**Data provided:**
::::

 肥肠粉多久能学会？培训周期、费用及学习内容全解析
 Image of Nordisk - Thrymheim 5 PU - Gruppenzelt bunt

::::

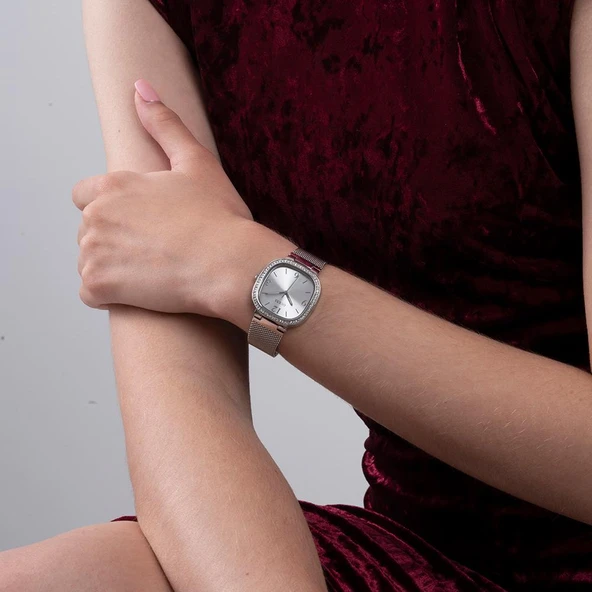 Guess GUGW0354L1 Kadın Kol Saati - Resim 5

::::

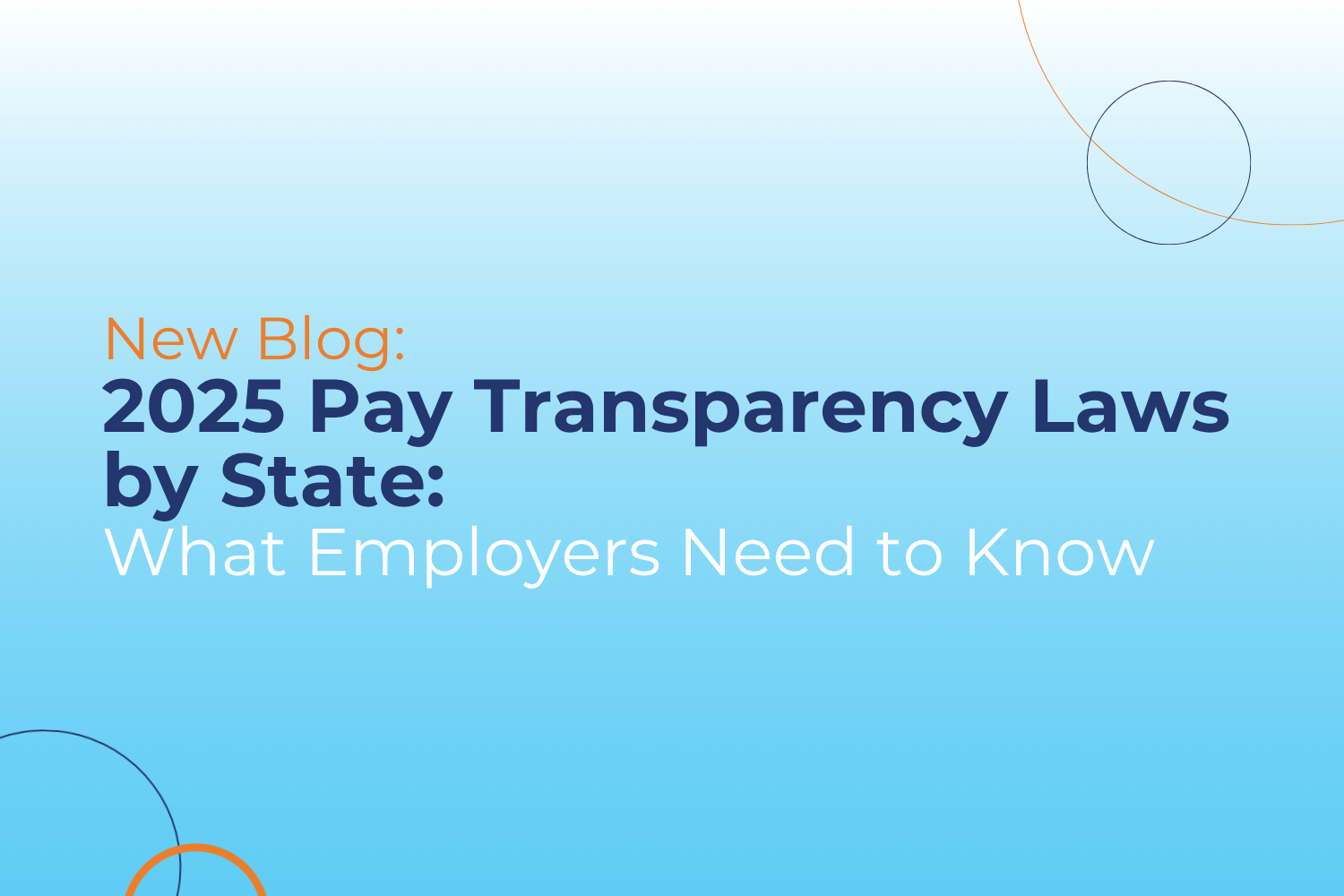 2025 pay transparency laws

::::

**What this task involves:**
In the entries above, find the line with "肥肠粉多久能学会？培训周期、费用及学习内容全解析" and the line with "Image of Nordisk", then set down exactly those two and every line between them, nothing else.

**Response for this exercise:**
 肥肠粉多久能学会？培训周期、费用及学习内容全解析
 Image of Nordisk - Thrymheim 5 PU - Gruppenzelt bunt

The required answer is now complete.